Most of California’s population resides within or adjacent to the state’s oak woodlands. Thus, the health and economic stability of the state is coupled with these ecosystems, despite what is also often a relatively low timber value. Oak woodlands are threatened by numerous pathogens and insects, but the interactions with these biotic organisms and climate change and/or wildfire holds potential for far greater threats to their ecological function. Pathogens and insects of the canopy, cambium, and root systems of oak forests each has distinct manners in which they may be suppressed or magnified by wildfire and/or climate change. At the same time, oak pathogens and insects may suppress or magnify wildfire impacts or risk. I present a unified framework for approaching these interactions with management, policy, or research goals. While state and federal policy is critical to addressing wildfire, most land managers work at the stand level and must treat climate change as an overarching problem where solutions are multi-generational.
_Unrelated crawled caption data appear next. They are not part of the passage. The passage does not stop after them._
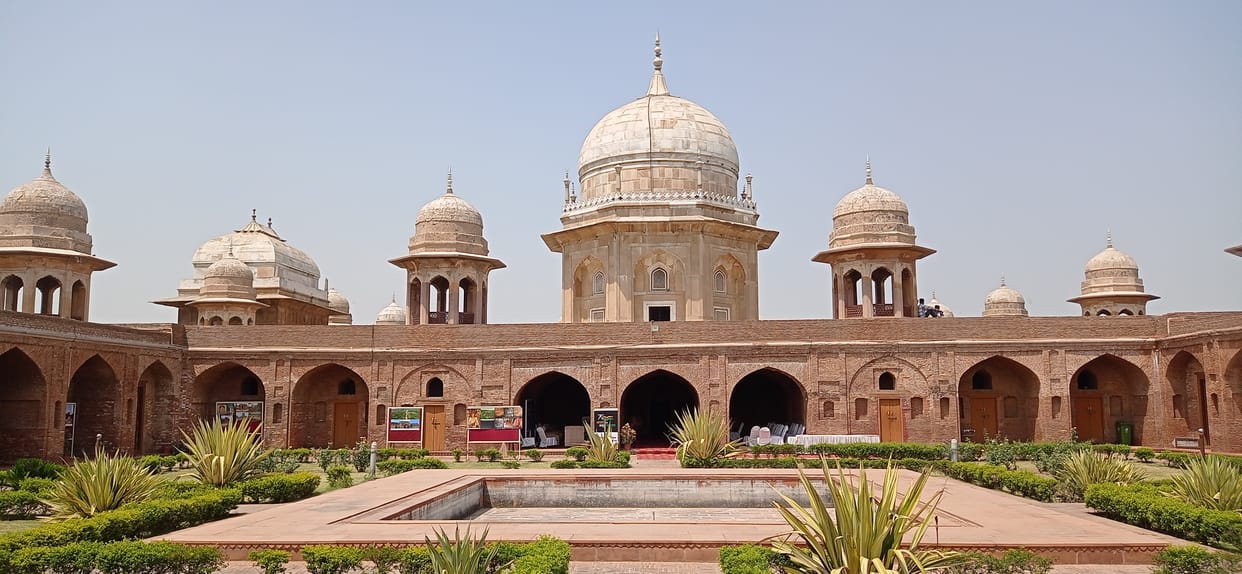 The number of visitors to Sheikh Chehli Tomb decreased, Kurukshetra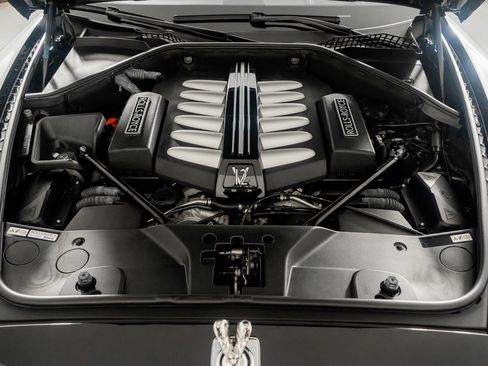 Used 2013 Rolls-Royce Ghost image 56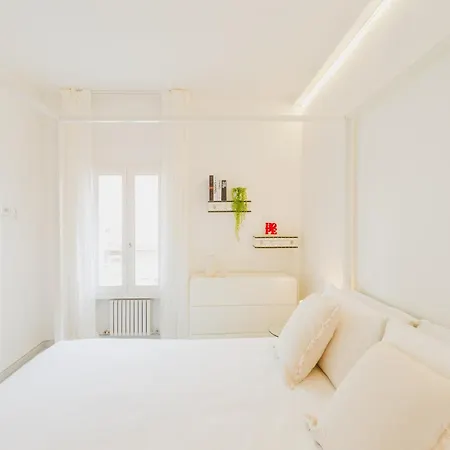 51 White Apartment *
In contrast, mitigating vegetation conditions conducive to biological tree mortality or directly suppressing harmful insects and pathogens are conducted at the stand level. This creates potential to combine approaches and make progress on multiple management goals. While many classes of insect and pathogen attack help elucidate tradeoffs between treating vegetation vs biological agents, I demonstrate these tradeoffs with a series of research and management case studies focused on Phytophthora ramorum, cause of sudden oak death and the most consequential pathogen to oak forests in the state.